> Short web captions
- - - -

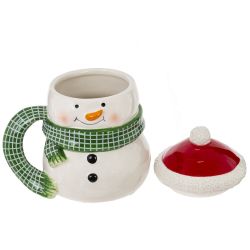 GAEM Кружка "Снеговик", 550 мл, L14 W11 H16 см, 2в.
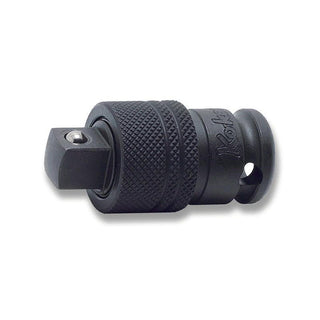 Ko-Ken 12222AL 1/4 In Sq. Dr. Adaptor 1/4 In Square Length 35 mm Locking Quick Release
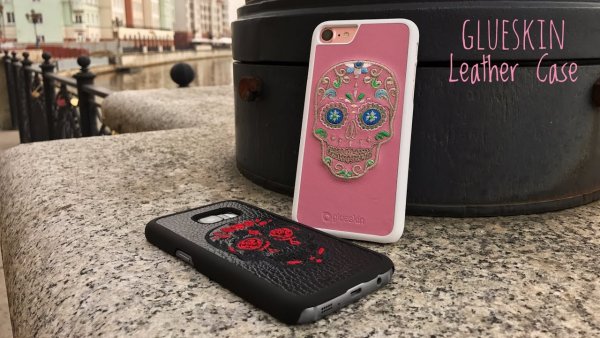 Кожаные наклейки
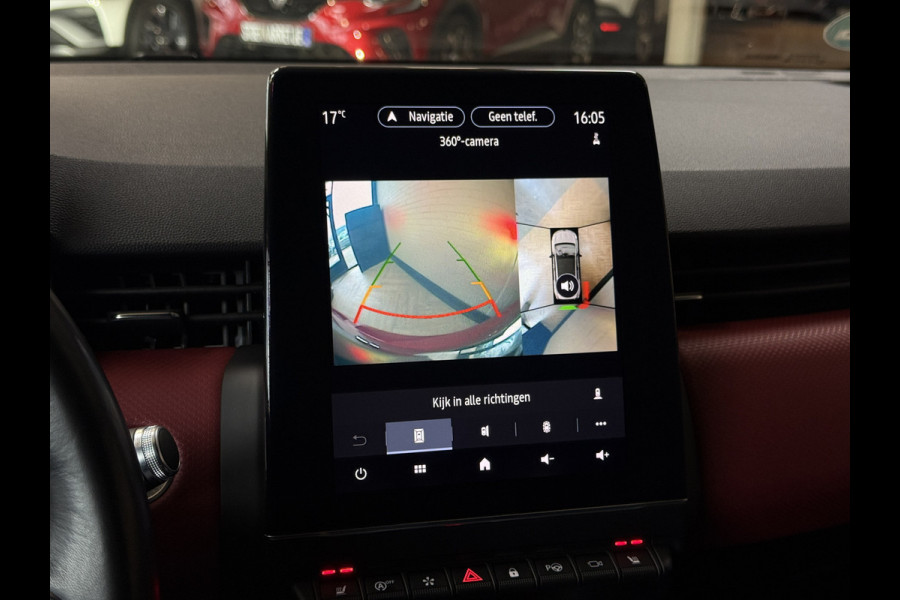 Renault Clio 1.3 TCe 130 Intens | Groot Navi | 360 | Stoel & Stuur verwarming | 17"| 100% Dealer onderhouden!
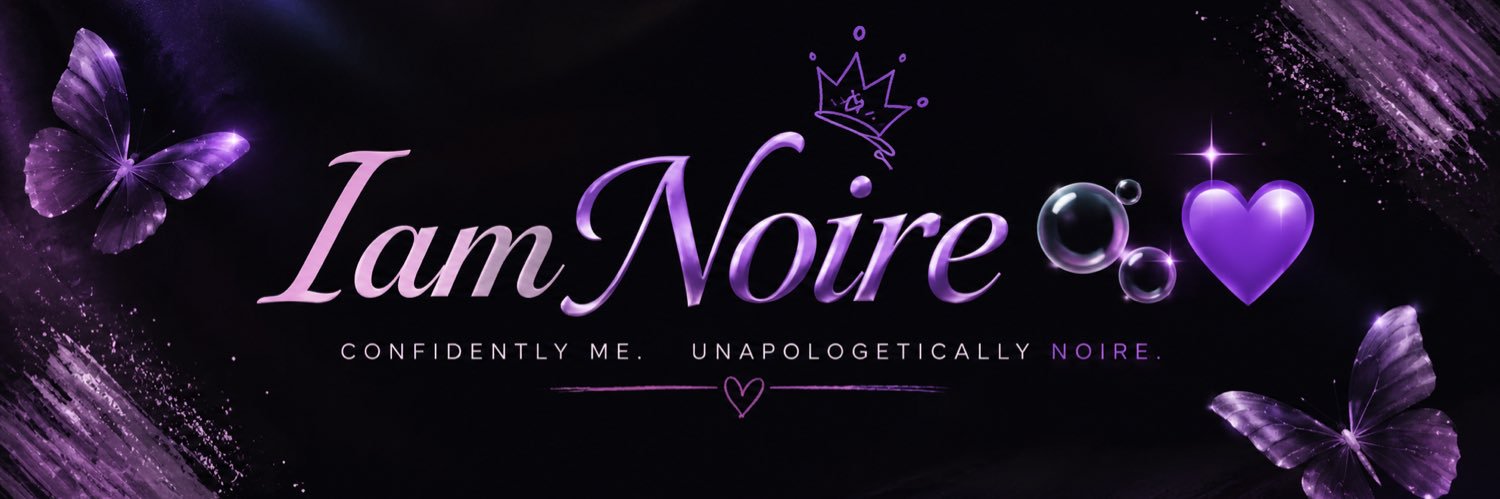 IamNoire🫧🐍's banner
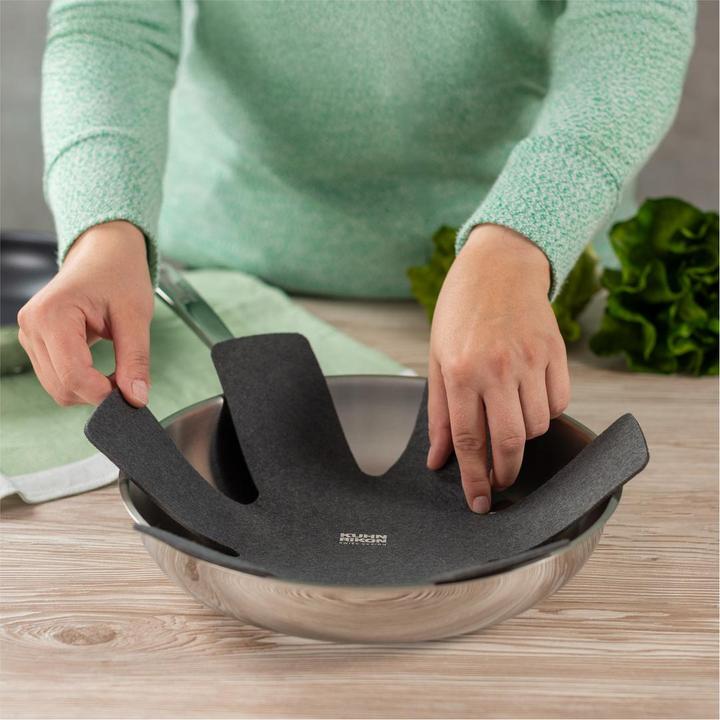 Image du produit Kuhn Rikon Set de protection pour poêle (38 cm, Matières plastiques)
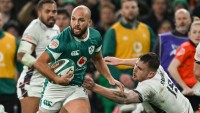 Farrell reveals fitness concerns over key duo as Lions land in Australia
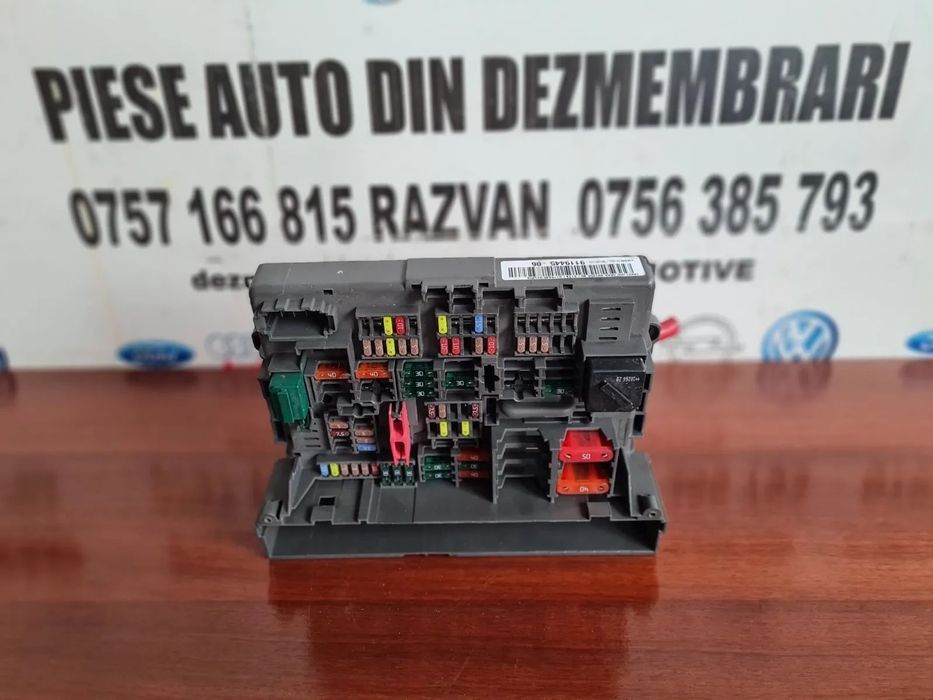 Tablou Panou Sigurante Bmw  E87 E81 E90 E91 E92 E93 - Dezmembrari Arad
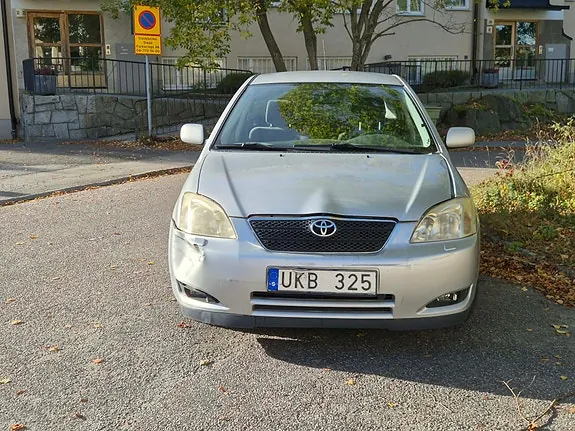 Toyota Corolla 2003 photo 2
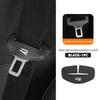 Car Safety Belt Clip Cover Shoulder Protective Pad Anti-Scratch For Volkswagen VW Jetta Golf4 5 6 Beetle CC B5 B6 B7 EOS GTI MK2 Kq87 MM7
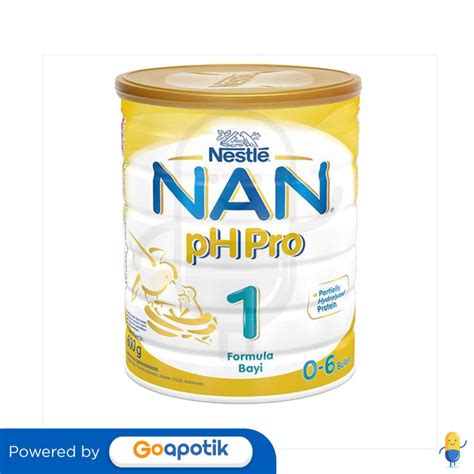 susu nan ph pro 0 6 bulan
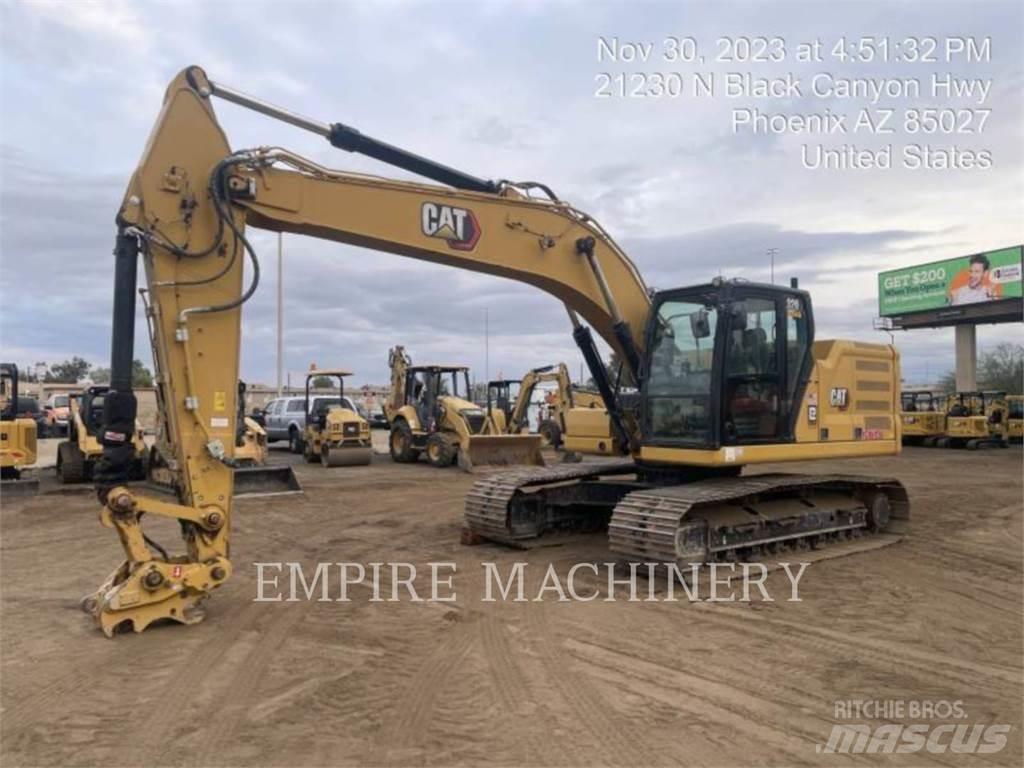 CAT 320-07P TE Escavadoras de rastos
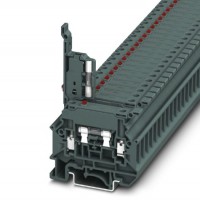 菲尼克斯接线端子  TB 4-HESILED 60 (5X20) I - 保险丝端子  物料号：3246447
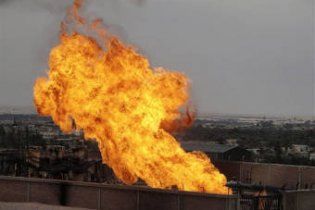В Египте неизвестные взорвали газопровод, транспортирующий газ в Израиль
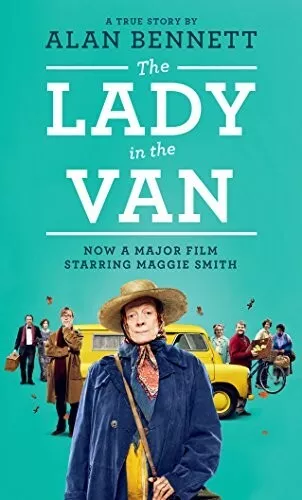 The Lady in the Van by Alan Bennett (Paperback) New Book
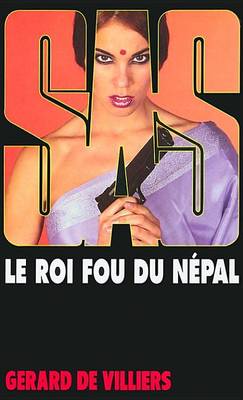 Book cover for SAS 145 Le Roi Fou Du Nepal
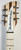 Rickenbacker 330 Electric Guitar, Thin-Line Semi-Acoustic, Walnut, 21 fret, 2 Pickups, Dot inlay, W/Case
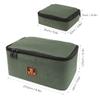 mewmewcat Fishing Tackle Bag with 4 Small Pouches Fishing Reel Lure Storage Bag Pouch Fishing Tackle Organizer Bag,Fish Lure Storage Bags view 2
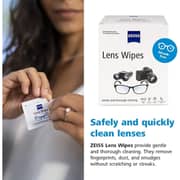 Zeiss Lens Wipes White 50Pcs - 662834503814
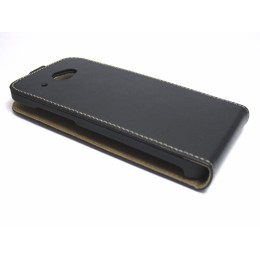 Funda Piel Premium Ultra-Slim HTC Desire 601 Negra 2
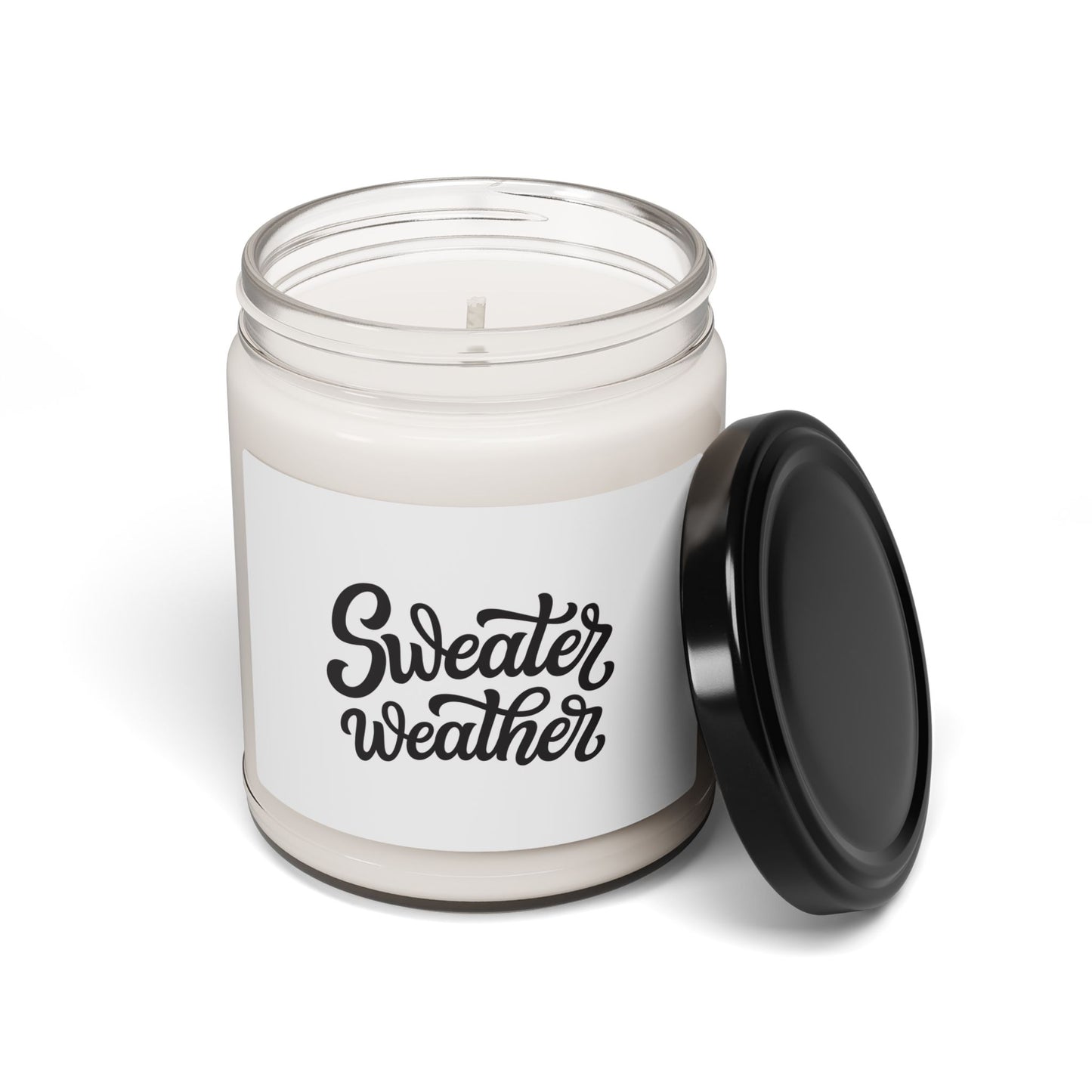 Sweater Weather Fall Scented Soy Candle, 9oz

- - - -

> Action item
Only the lines starting at the one that holds "Car Safety Belt" and ending at the last line of the data belong in your answer. Please set them down exactly and omit the pictures.

> Result of the task
 Car Safety Belt Clip Cover Shoulder Protective Pad Anti-Scratch For Volkswagen VW Jetta Golf4 5 6 Beetle CC B5 B6 B7 EOS GTI MK2 Kq87 MM7
 susu nan ph pro 0 6 bulan
 CAT 320-07P TE Escavadoras de rastos
 菲尼克斯接线端子  TB 4-HESILED 60 (5X20) I - 保险丝端子  物料号：3246447
В Египте неизвестные взорвали газопровод, транспортирующий газ в Израиль
 The Lady in the Van by Alan Bennett (Paperback) New Book
 Book cover for SAS 145 Le Roi Fou Du Nepal
 Rickenbacker 330 Electric Guitar, Thin-Line Semi-Acoustic, Walnut, 21 fret, 2 Pickups, Dot inlay, W/Case
 mewmewcat Fishing Tackle Bag with 4 Small Pouches Fishing Reel Lure Storage Bag Pouch Fishing Tackle Organizer Bag,Fish Lure Storage Bags view 2
 Zeiss Lens Wipes White 50Pcs - 662834503814
 Funda Piel Premium Ultra-Slim HTC Desire 601 Negra 2
 Sweater Weather Fall Scented Soy Candle, 9oz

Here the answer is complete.